La violence dans les espaces sportifs est devenue un fléau qui déstabilise le paysage sportif et le plonge dans le chaos, engendrant des dégâts considérables aux installations, menaçant la sécurité des supporters, et ayant de lourdes répercussions sur la paix sociale.
Ce phénomène, qui ne connaît ni frontières ni nationalités, est resté incontrôlable en raison de sa complexité, résultant de l’interaction de facteurs sécuritaires, socio-économiques et éducatifs. La lutte contre ce fléau exige une approche pratique et globale pour l’éradiquer de manière durable.
La Tunisie n’a pas échappé à ce phénomène, comme en témoignent les incidents violents récurrents dans les stades et salles de sport, accompagnés de comportements de vandalisme et de confrontations avec les forces de l’ordre. Les causes de ces violences sont multiples et variées : le rejet des résultats, la contestation des décisions arbitrales, l’interdiction des « dakhlas », ou encore les rivalités entre groupes ultras.
Pour comprendre les raisons profondes de cette recrudescence de la violence, une analyse sociale semble être l’approche la plus adéquate, car il s’agit d’un phénomène social préexistant, qui se manifeste à différents degrés dans les familles, les établissements scolaires et les espaces publics.
Dans ce cadre, Dr Mohamed Jouili, sociologue et chef du département de sociologie à la Faculté des Sciences Humaines et Sociales de Tunis, a suggéré de traiter différemment le phénomène de la violence dans les stades, en s’inspirant de modèles comme celui de la Belgique, où des programmes d’accompagnement des supporters, en collaboration avec le club Standard de Liège et des institutions sociologiques, ont fait leurs preuves. « Ces programmes visent à assurer l’intégration économique, sociale et scolaire des supporters perturbateurs, afin de les réhabiliter et de transformer leur relation avec le club et son environnement », a expliqué Jouili.

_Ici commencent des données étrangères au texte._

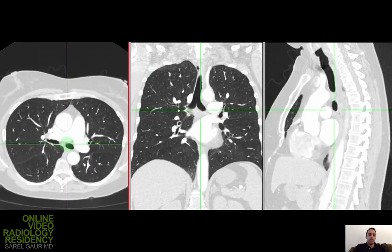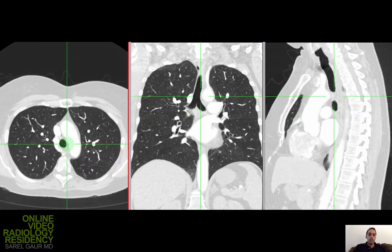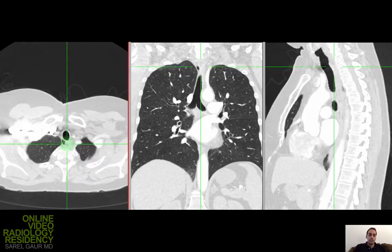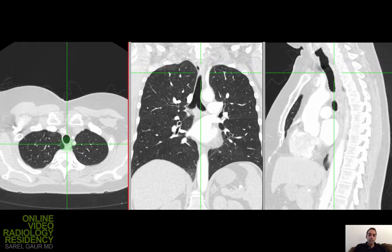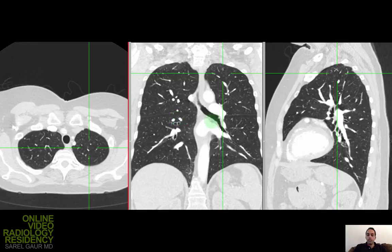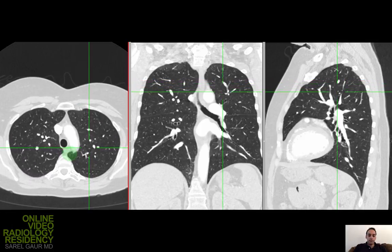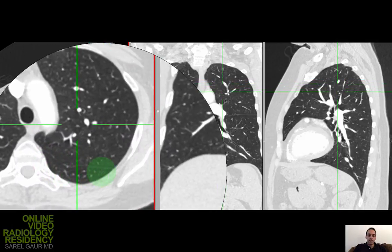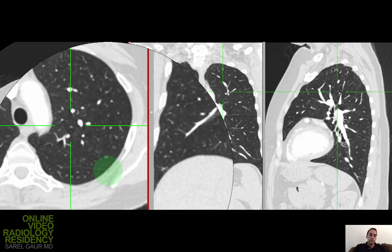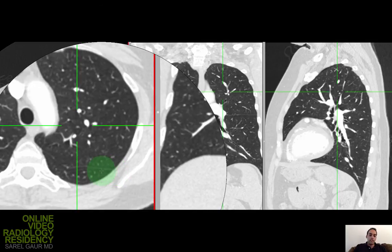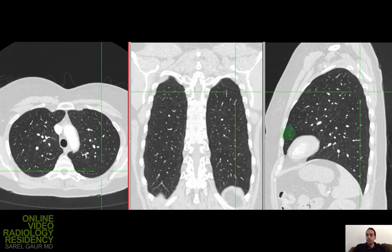That covers the right lung. Let's move back up and do the left lung. As I'm coming down, you can see the left upper lobe — you can see that in the coronals above the left major fissure. Continuing down on the axials, you see this radio-dense line, which is the coaptation of two pleural surfaces, and that is the left major fissure.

Il précise que « le problème en Tunisie réside dans la relation unidimensionnelle entre les équipes et leurs supporters, qui se limite aux résultats sportifs, sans s’étendre à un véritable engagement social. »

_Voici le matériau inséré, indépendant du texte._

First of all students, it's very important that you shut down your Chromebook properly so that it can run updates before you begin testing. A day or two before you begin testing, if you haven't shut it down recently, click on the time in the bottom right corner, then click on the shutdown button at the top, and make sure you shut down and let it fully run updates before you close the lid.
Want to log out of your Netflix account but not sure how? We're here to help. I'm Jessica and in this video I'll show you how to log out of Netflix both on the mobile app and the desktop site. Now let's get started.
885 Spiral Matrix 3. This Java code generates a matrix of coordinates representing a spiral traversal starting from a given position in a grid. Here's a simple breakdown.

Pour le sociologue, l’inspiration du modèle belge, qui vise un accompagnement social, éducatif et économique des jeunes, pourrait réduire leur angoisse face à l’avenir et limiter les comportements agressifs, tels que la consommation de drogues et autres comportements à risque. Il insiste aussi sur l’importance d’une approche sécuritaire tout en soulignant la nécessité d’impliquer l’ensemble des acteurs concernés, afin de répondre aux causes profondes de la violence, souvent liées à des fragilités psychologiques, sociales et économiques.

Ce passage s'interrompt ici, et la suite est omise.